▶ **Your instructions**
Please transcribe exactly the lines from the line holding "早餐店監視器畫面拍下黑衣男子" through the end of the data below, and skip any pictures.

▶ **Supplied material**
:::::
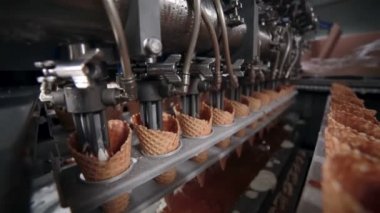 Ice - cream koni ile konveyör taşıma. Dondurma koni içinde doldurma, Kupası.
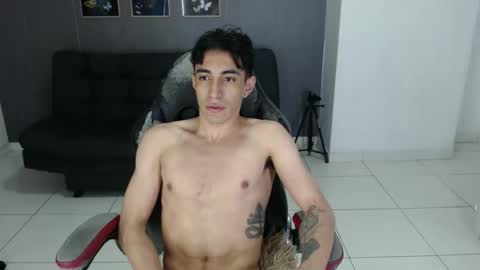 Snapshot of morrison_jimm chatting on 02.17.26 santii online show from 02.17.26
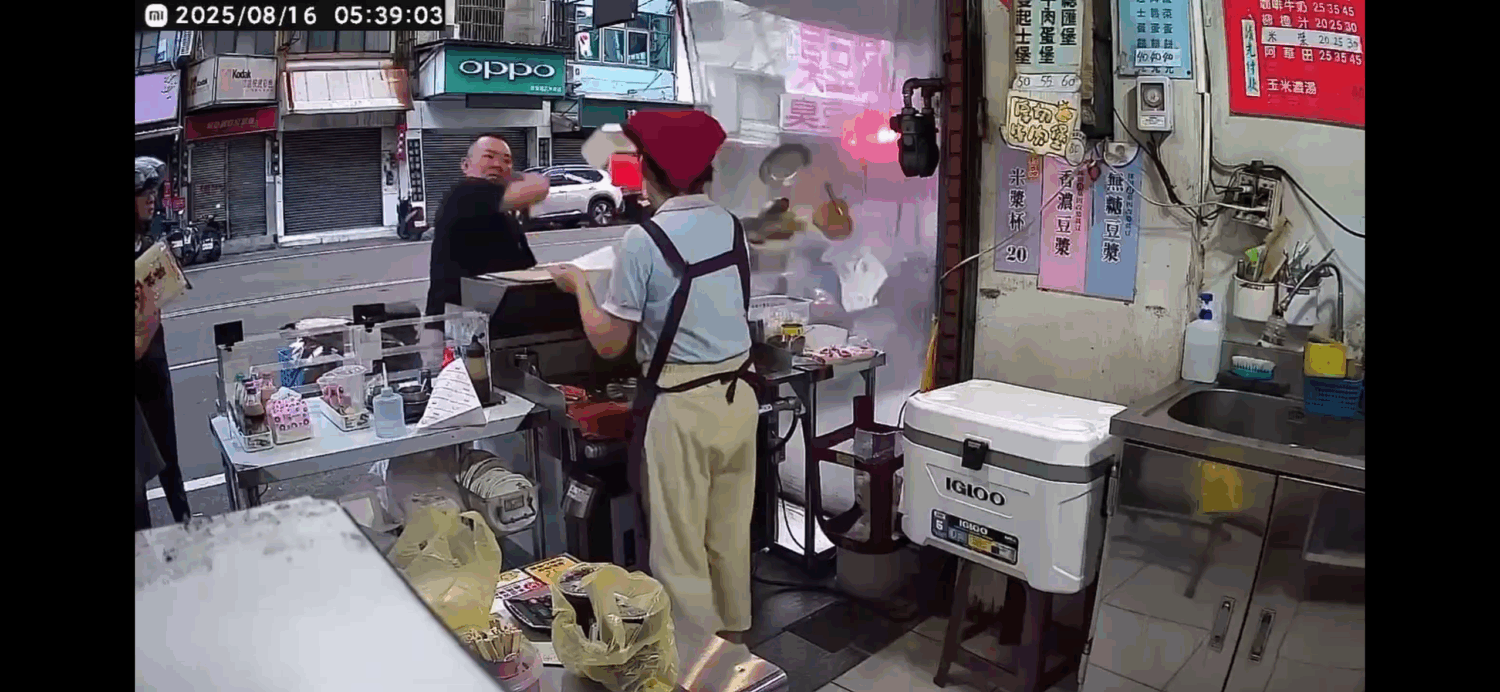 早餐店監視器畫面拍下黑衣男子情緒失控揮手動粗,女店員驚慌閃避,現場一片混亂。(圖/記者林照東翻攝)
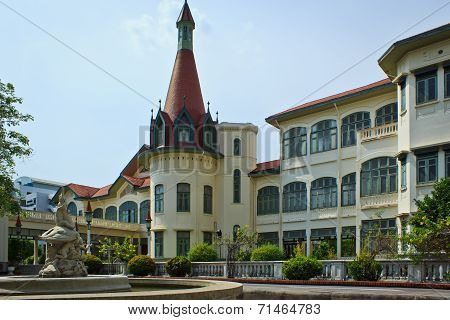 This is a building in Phyathai castle. It is public place for take a photo with graduate.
:::::
▶ **Response area**
 早餐店監視器畫面拍下黑衣男子情緒失控揮手動粗,女店員驚慌閃避,現場一片混亂。(圖/記者林照東翻攝)
 This is a building in Phyathai castle. It is public place for take a photo with graduate.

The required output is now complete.